In their report summary, the authors say their findings reveal “disturbing trends in disproportionate arrests and law enforcement contacts with youth of color, coupled with the underfunding of counselors, mental health professionals, and others whose presence could work to reduce the need for law enforcement.” And the authors provide the incredible data that on average over a seven year period, black youths accounted for 73.5 percent of all juvenile arrests by the Oakland Police Department each year, even though they made up just 29 percent of the Oakland youth population.

The report also shows that more than half of the arrests of black youth did not lead to charges or further involvement by probation officials, and black youth represented 78 percent of those whose arrests were not "sustained" according to the report's authors.

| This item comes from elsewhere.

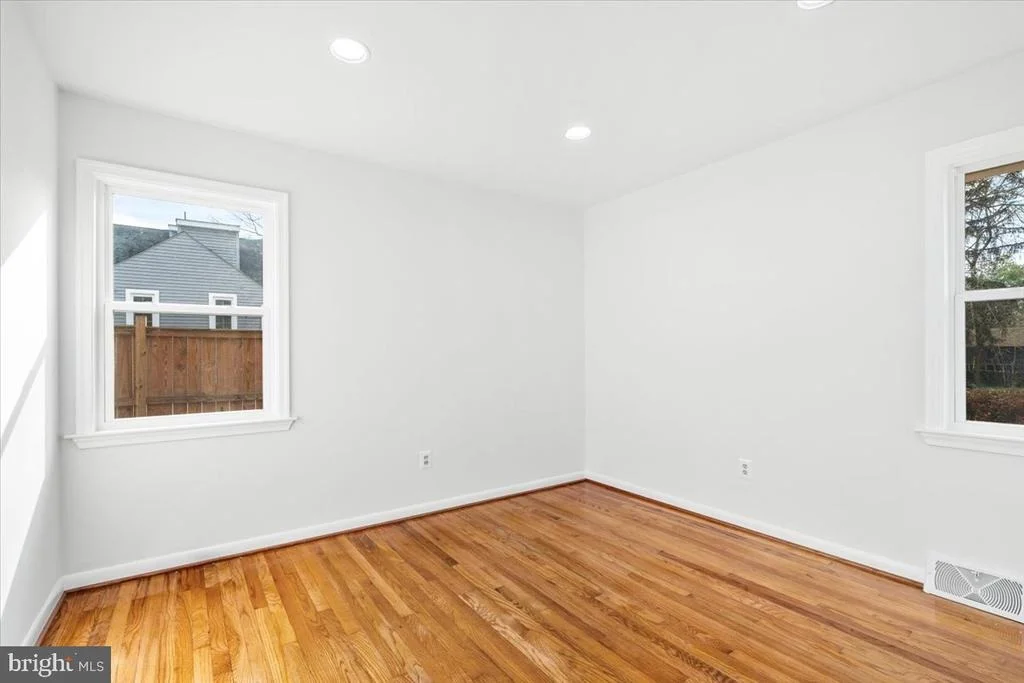 Photo of 1308 W 7TH STREET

“This raises questions about the appropriate role of police in our schools,” the report says. “Why are police being called for so many non-serious incidents, situations that may be better handled by counselors, administrators, school staff or parent volunteers?”

According to the report, Oakland Unified School District employs 20.5 school counselors—meaning just one school counselor for every 1,854 students.

While the report does not cite the number of arrests in or near schools in particular, it does note that police forces within Oakland's schools alone made 85 arrests from 2010 to 2012.

According to the summary, all the data shown in the report comes directly from Oakland Unified School District, the Oakland School Police Department, the Oakland Police Department and Alameda County Probation.

“Black youth were referred to the Alameda County Probation at more than two and a half times their percentage in the population," the report's summary reveals. "This means they are six times more likely than Hispanic youth, and 23 times more likely than white youth, to be arrested and referred to Alameda County Probation."

In the last two years alone, the report shows, black youth made up 30.5 percent of the Oakland School district’s population, but account for 73 percent of the Oakland School Police Department’s (OSPD) 85 reported arrests. In the same time, the OSPD did not report the arrest of a single white student.

In an August 29 article about the report, the Center for Public Integrity connected Oakland's decreasingly effective police force to the severe budget cutbacks the city of Oakland has faced since recession hit six years ago. The CPI article notes, due to its ever-deteriorating budget, Oakland’s city police department “has lost a quarter of its force since 2008” and Oakland’s violent crime rate rose almost 20 percent in one year between 2011 and 2012. 

The civil rights groups that compiled the report are demanding that Oakland’s schools better define the role of police and are demanding a “memorandum of understanding.” The groups are also asking both school and city police forces to increase their oversight of youth policing.

According to CPI, California legislators are “considering an amended proposal that would encourage schools to clarify police roles on campuses statewide in safety plans.”